In 2015 I was naive and had no idea what I was doing. I cramped the last few miles because I chugged too many fluids. It was our first Valentines Day after we got married so I made my husband take care of me the whole day after 😊

That year we spent the night there because I didn’t understand things like day of packet pick up. This year we decided we were too cheap to spend money on a hotel room, so I had to wake up SUPER EARLY since we are about an hour and 20 mins from the event. So I laid out my clothes and set the alarm. My new Goodr Sunglasses came in the mail so I could wear them!

Ugh. And waking up was horrific. Nice hair, eh? Serious kudos to people who do this daily.

And we picked up our friend who was running too, and headed out of town at 5:30.

When we got there, we got our stuff and Mr. FtoF went to get ready for his half which started 30 mins before my event. I smooched him for good luck.

Then I eventually lost my friend when I went to the bathroom so I went to warm up. I will admit I’m horrible at dynamic warm up before running. HORRIBLE. I also got to meet fellow Mermaid Series Ambassador Kerri which was a treat!

I was running for time but not with intention of PRIng. I’ve come to terms that I won’t PR anything until I lose weight. My body is so slow right now until I drop the extra pounds. But I refuse to stop running. I identify the importance of knowing if you’re doing an easy run or pushing, so by phrasing it with “running for time” rather than “aiming to PR”, I didn’t feel like I was setting myself up to fail. And then off I went!

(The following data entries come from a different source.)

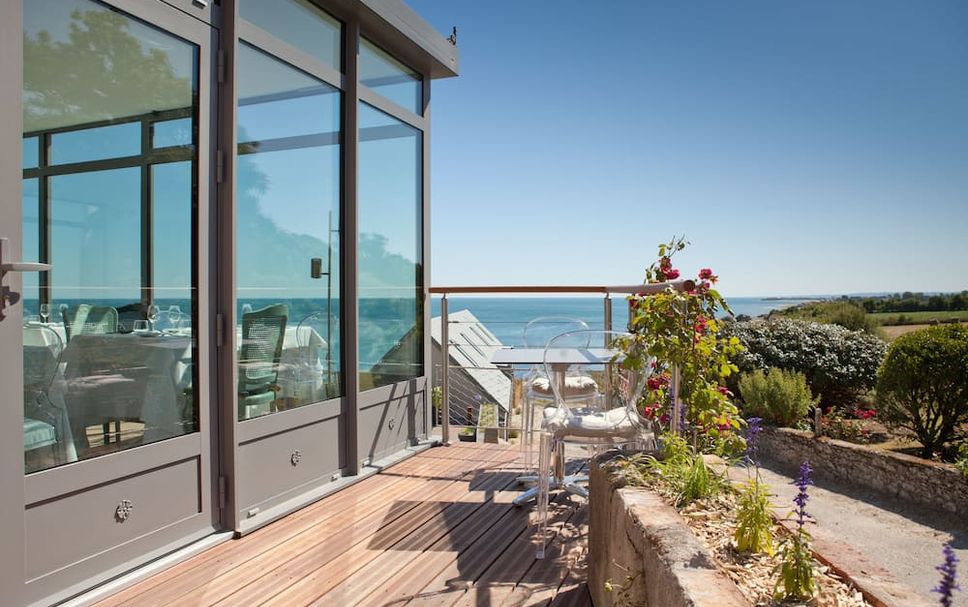 バルコニー 写真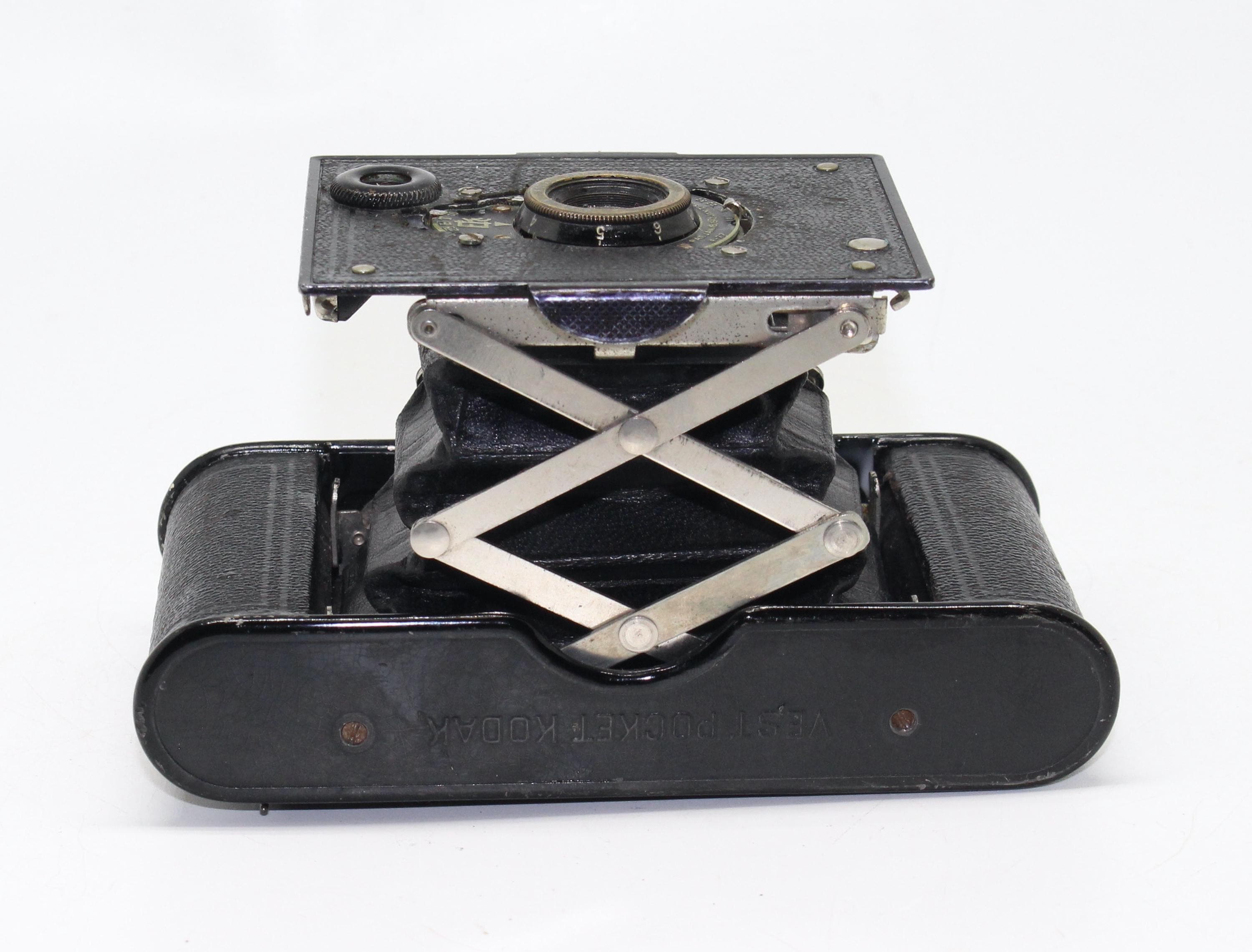 Vintage Canadian Kodak Vest Pocket Camera: Autographic Special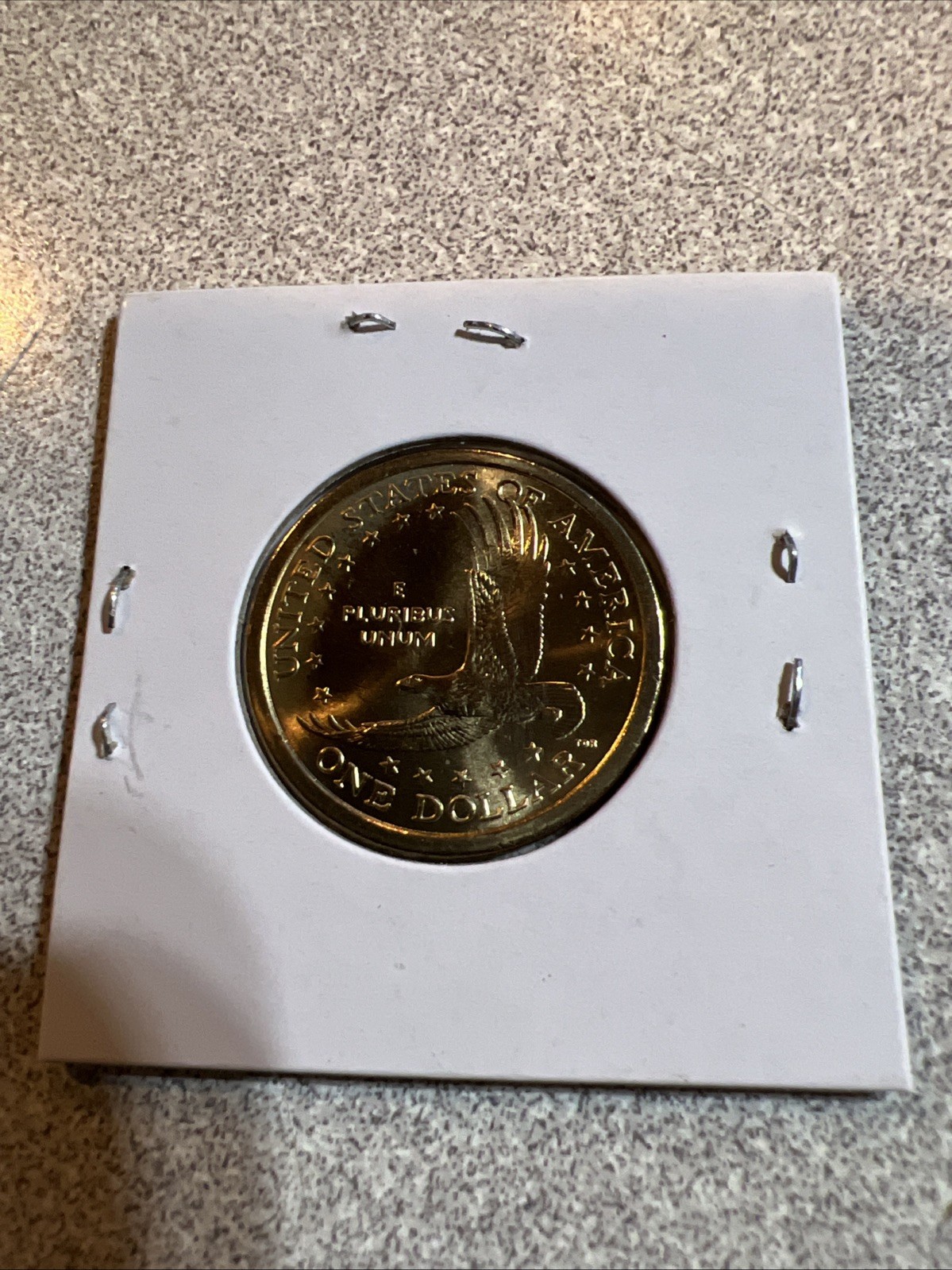2000 D Sacagawea One Dollar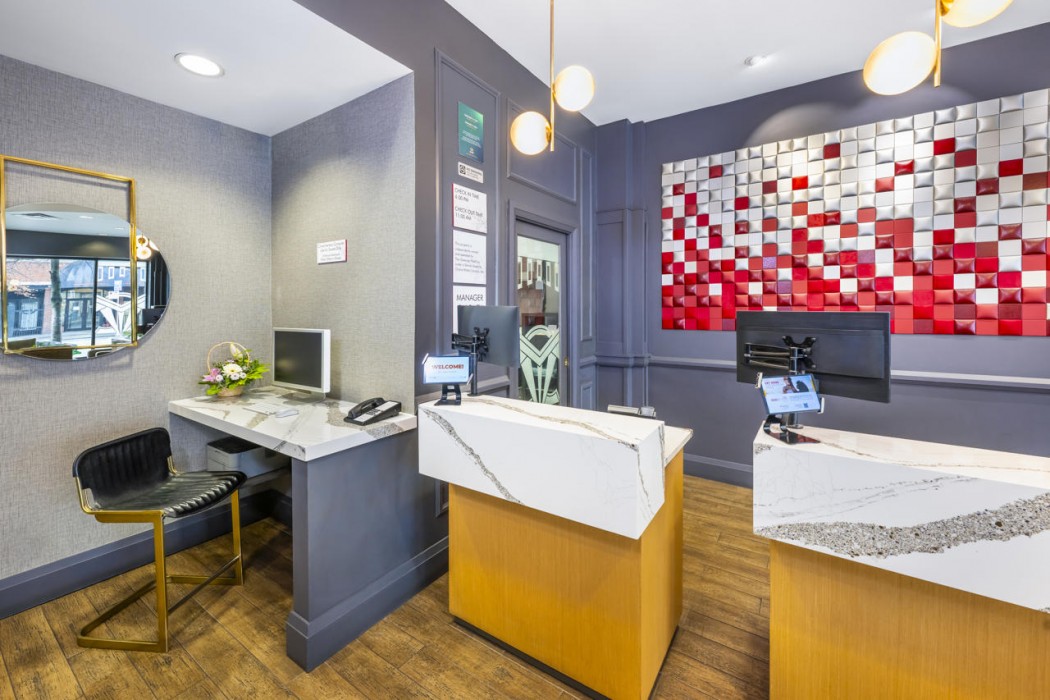 Quality Inn & Suites Downtown Vancouver 16/67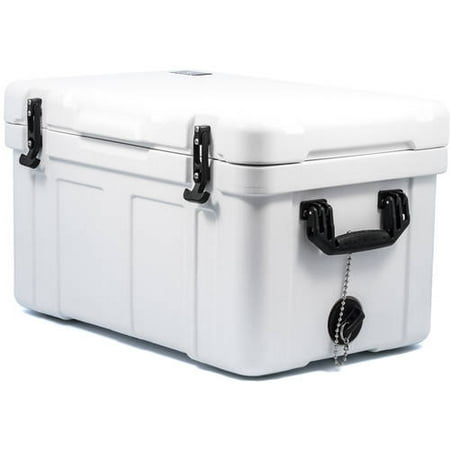 Camco (51870) 58 Quart White Caribou Cooler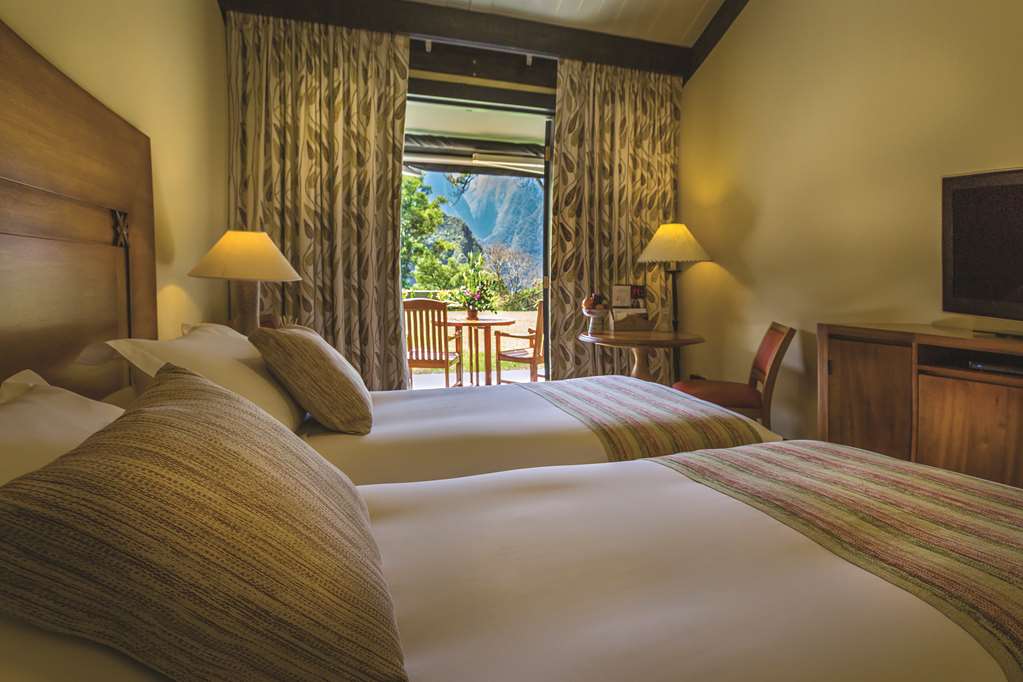 Sanctuary Lodge A Belmond Hotel Machu Picchu — Cusco — photo 4
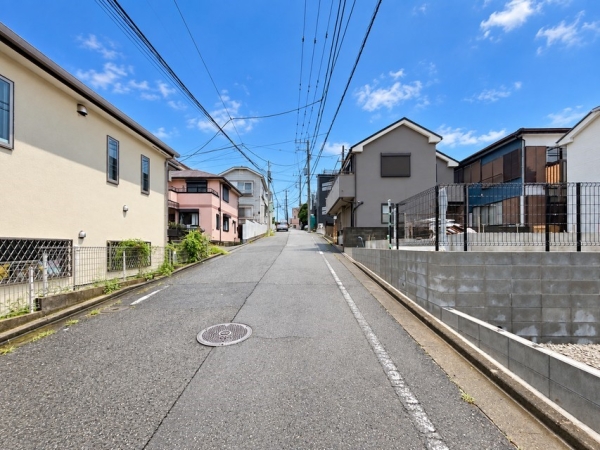 横浜市保土ケ谷区法泉３丁目　新築一戸建て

A half mile in my right calf tightened up so badly I couldn’t unkink it. Man, it hurt like nothing before. I rolled it out the night before but I don’t think I did enough. I warmed up but maybe not enough. Who knows what exactly happened. But since I knew I wasn’t breaking any monumental records I ran as much as I could and gave myself a half dozen walk breaks when it acted up. I saw a gal that ran in the pace group I was in at Hot Chocolate SF while running and said hi on the course, and at one point I stopped at the aid station for water but couldn’t find a trash so I just held my empty cup til I gave up and put it in my Amphipod. I’m gonna have some great race photos holding a 12 ounce cup 😝

I crossed the finish line in 38:46 (my Garmin said it was 3.20 miles not 3.1 😫), and felt pretty good. A little bummed my leg was a jerk but still good. I got a photo of my cool medal, and then packed it away in my pouch so I could get my last few miles in.

I’m gonna be honest, I felt tired and slow after that and was having a hard time justifying that I had to keep running while I watched everyone else enjoy post race food 😫 and was hoping there would be stuff left when I was done……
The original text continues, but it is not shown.